On May 15, 2024, Mr. Hiza was elected and appointed as the Class II Director and the Executive Chairman until the next annual meeting, his earlier resignation or death. His biography is as follows:
Mr. Hiza, age 54, began his career as a certified public accountant and spent 15 years managing investment portfolios for small businesses and individuals. For the next 11 years, Mr. Hiza served as a Managing Partner for Lighthouse Energy Partners – helping institutional investors acquire and manage oil and gas royalties and mineral rights. In 2021, Mr. Hiza served as the Vice President of Asset Management at Verde Bio Holdings, Inc., where he was responsible for oil and gas royalty acquisitions and portfolio evaluation and monitoring. In 2023, Mr. Hiza founded Carolina Natural Resource Group and acts as Managing Partner – helping individuals acquire oil and natural gas mineral rights and royalties.
Removal of Officers
On May 15, 2024, Scott Cox, acting in his capacity as the sole Class I Director and sole director of the Board, removed all then acting officers of the Company.
Appointment of Officers
On May 15, 2024, Brandon Sisson was appointed to serve as President, Secretary, Treasurer, Chief Executive Officer, Chief Financial Officer, Principal Executive Officer, and Principal Accounting Officer.
Mr. Sisson’s biography is as follows:
Mr. Sisson since his appointment in May, 2024, has served as the Company’s President, Secretary, CEO, CFO, Principal Executive Officer and Principal Accounting Officer (OTC: WINR). Mr. Sisson, since its incorporation in June, 2024 has served as the President of Redacted Optics Inc., a privately held company seeking to develop new technology in the optics industry either through using its own resources or through an acquisition or merger. Since April of 2019, Mr. Sisson has worked for Accufire Technologies, Inc, a firearms optics company specializing in digital technology, where he started as an operations consultant and is currently the interim CEO while the company is winding down.
Mr. Sisson is a United States Air Force veteran and has spent the last 13 years working as an operations and talent development consultant focusing on technology companies as the primary field of work. Mr. Sisson was the owner and President of Stoic Resources, LLC, an operations consulting management firm, from February, 2014 to May, 2021.
There is no family relationship between Mr. Sisson, Mr. Cox, or Mr. Hiza and any director or executive officer of the Company. There are no transactions between Mr. Sisson, Mr. Cox, or Mr. Hiza and the Company that would be required to be reported under Item 404(a) of Regulation S-K of the Securities Exchange Act of 1934, as amended.
Item 5.03 Amendments to Articles of Incorporation or Bylaws.

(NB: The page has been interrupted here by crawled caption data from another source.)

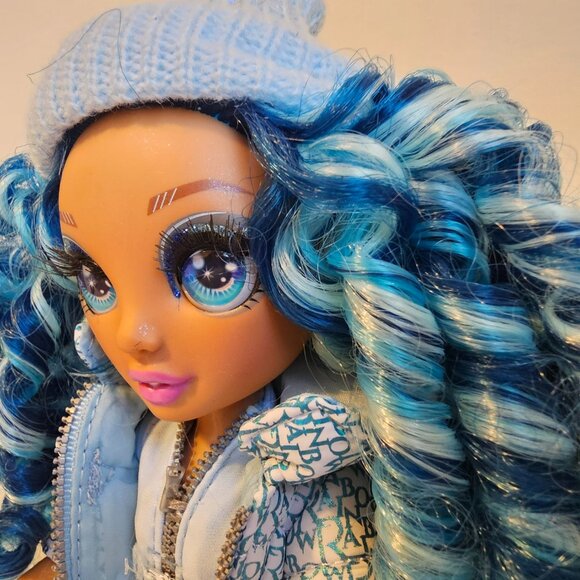 MGA Entertainment Rainbow High Winter Break Skyler Bradshaw Doll w/ Outfit 10.5" - Picture 4 of 12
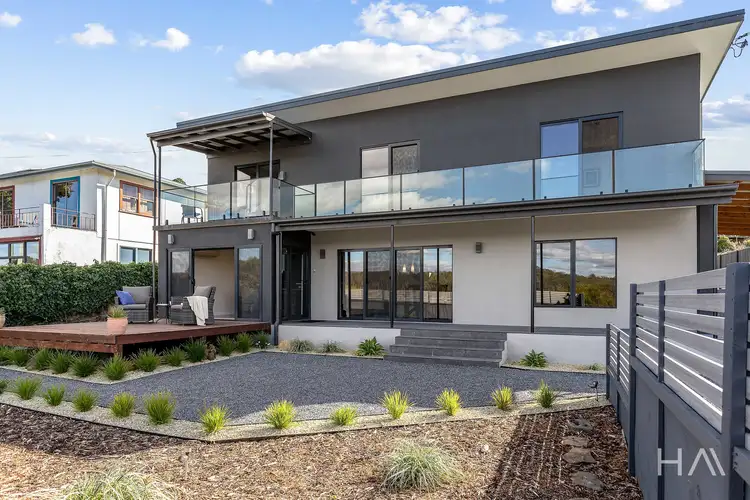 143 Gravelly Beach Road, Blackwall TAS 7275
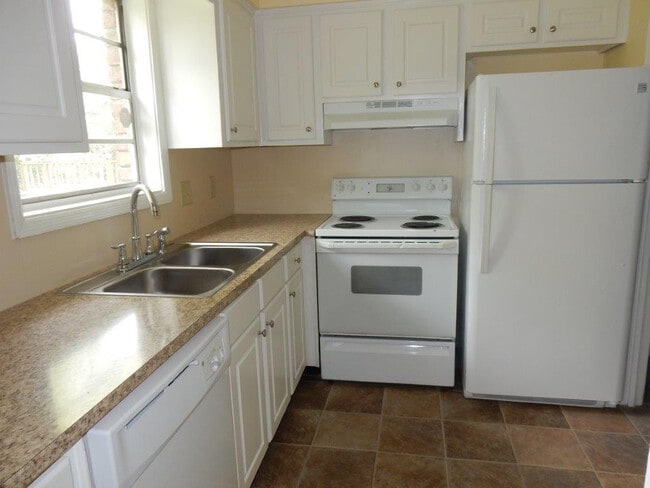 Building Photo - Fourteenth Avenue 4000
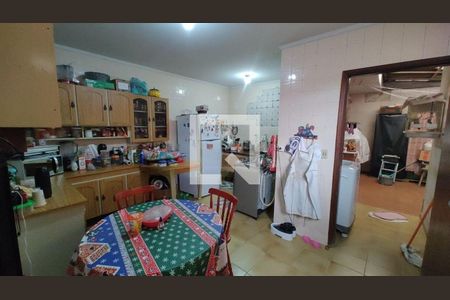 Casa à venda com 3 quartos, 144m² em Vila Friburgo, São Paulo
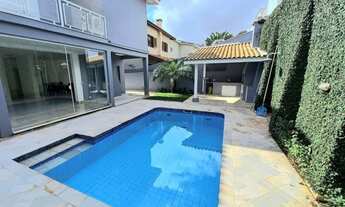 Imagem 1: Casa de condomínio para venda com 300 metros quadrados com 4 quartos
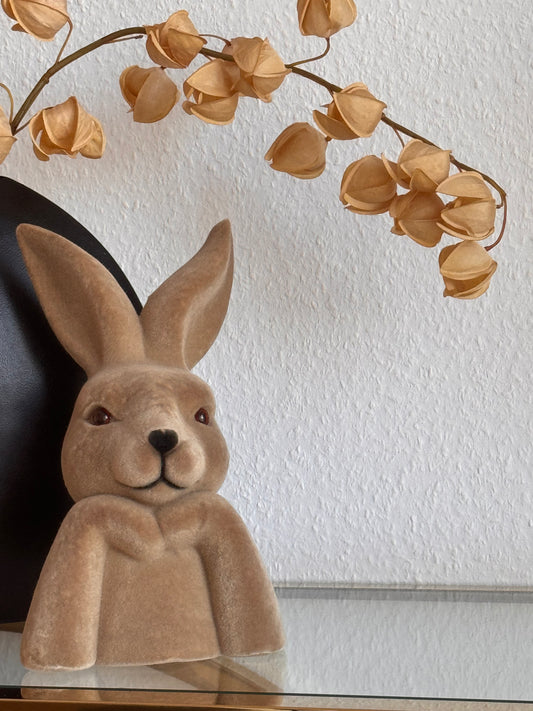 Hase Mark Samtoptik in Braun 26 cm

Amendment to the Certificate of Incorporation
On August 5, 2024, the Company amended Section 7.3 of the Third Amended and Restated Certificate of Incorporation of the Company, as further amended through the date hereof (the “Certificate of Incorporation”), pursuant to Article IX of the Certificate of Incorporation and applicable law. The following restatement of Section 7.3 has been adopted and approved by the Board and the stockholders of the Company:
Section 7.3 Action by Written Consent. Except as may be otherwise provided for or fixed pursuant to this Third Amended and Restated Certificate (including any Preferred Stock Designation) relating to the rights of the holders of any outstanding series of Preferred Stock or the Bylaws, any action required or permitted to be taken by the stockholders of the Corporation must be effected by a duly called annual or special meeting of such stockholders and may not be effected by written consent of the stockholders of the Corporation.
The forgoing excerpt of the amendment to the Certificate of Incorporation is qualified in its entirety by the full text of the Certificate of Amendment to the Third Amended and Restated Certificate of Incorporation of the Company, a copy of which is filed herewith as Exhibit 3.2.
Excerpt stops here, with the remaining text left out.